__Problem details__: Transcribe each record exactly. Omit the pictures.

__Input data__:
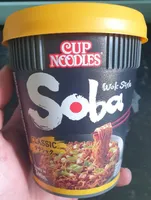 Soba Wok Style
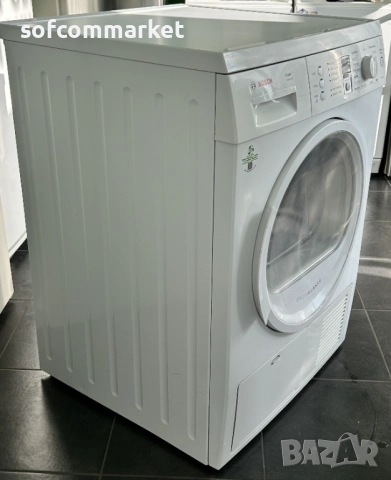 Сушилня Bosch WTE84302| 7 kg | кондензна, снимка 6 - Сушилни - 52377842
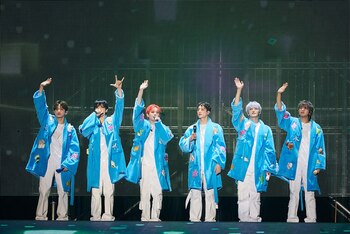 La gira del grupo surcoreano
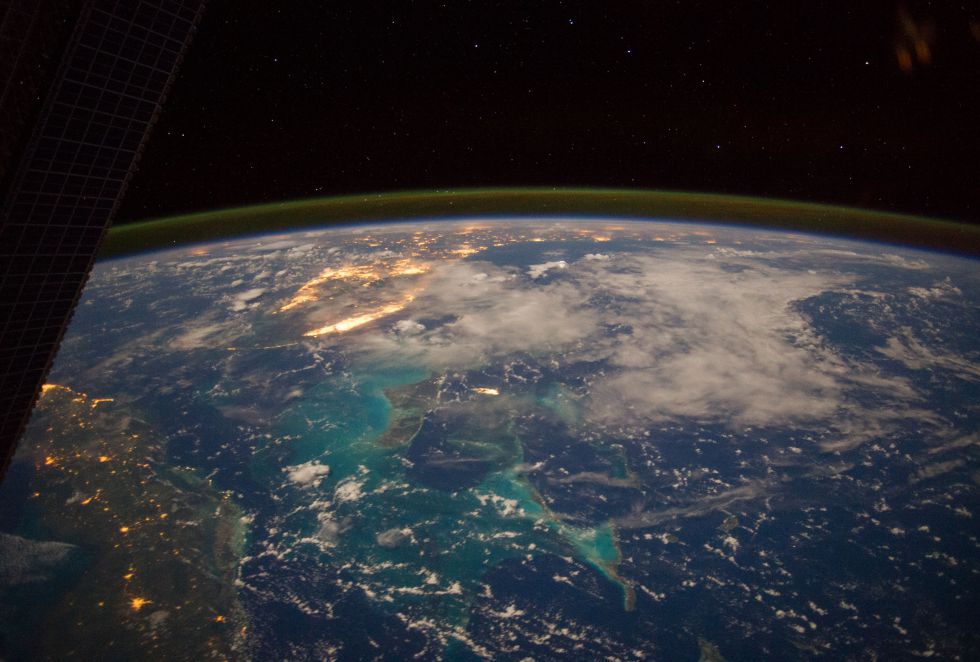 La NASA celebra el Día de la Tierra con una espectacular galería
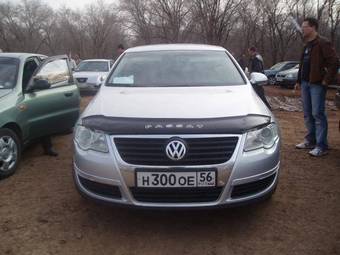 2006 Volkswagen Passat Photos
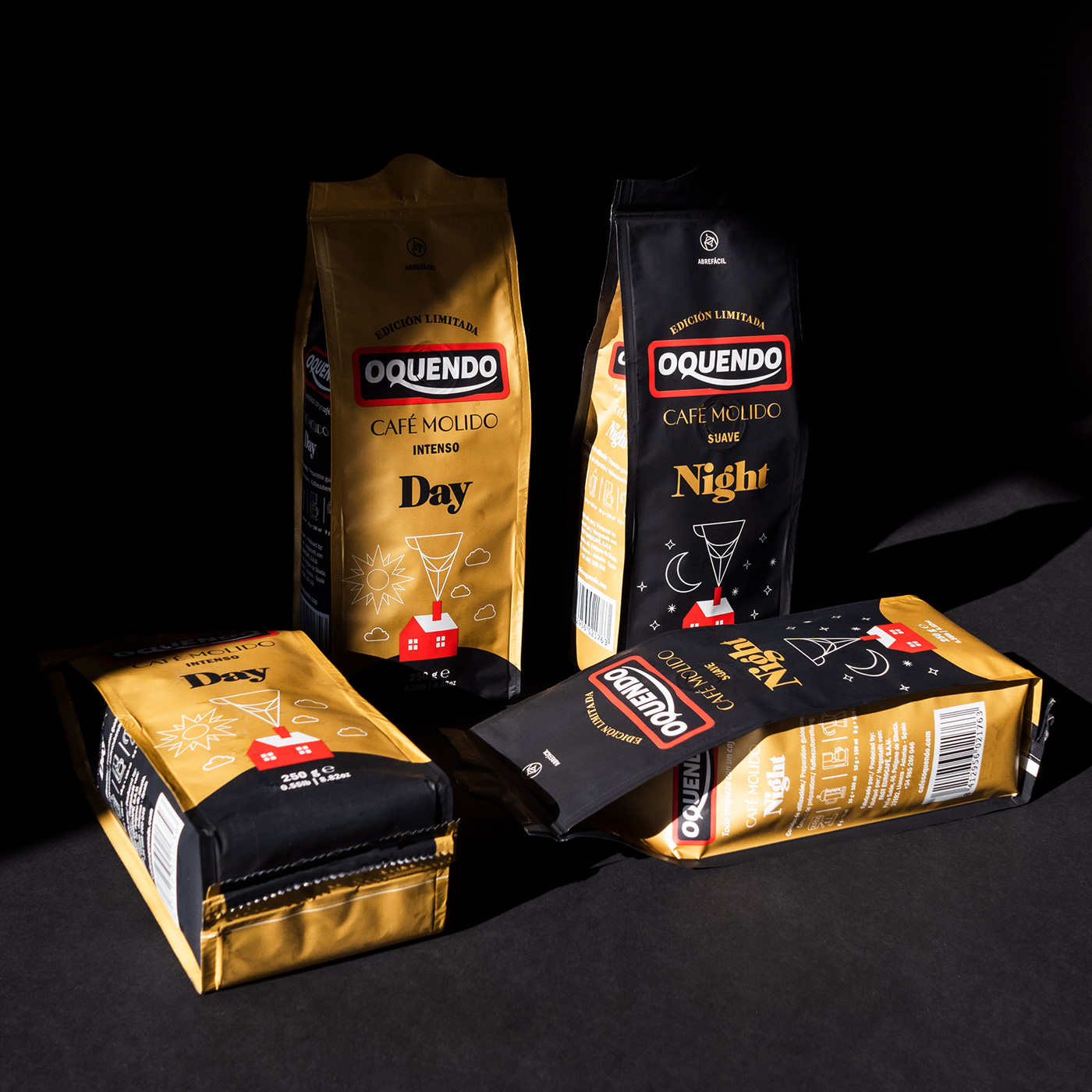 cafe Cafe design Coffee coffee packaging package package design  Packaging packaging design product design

__Exercise response__:
 Soba Wok Style
 Сушилня Bosch WTE84302| 7 kg | кондензна, снимка 6 - Сушилни - 52377842
 La gira del grupo surcoreano
 La NASA celebra el Día de la Tierra con una espectacular galería
 2006 Volkswagen Passat Photos
 cafe Cafe design Coffee coffee packaging package package design  Packaging packaging design product design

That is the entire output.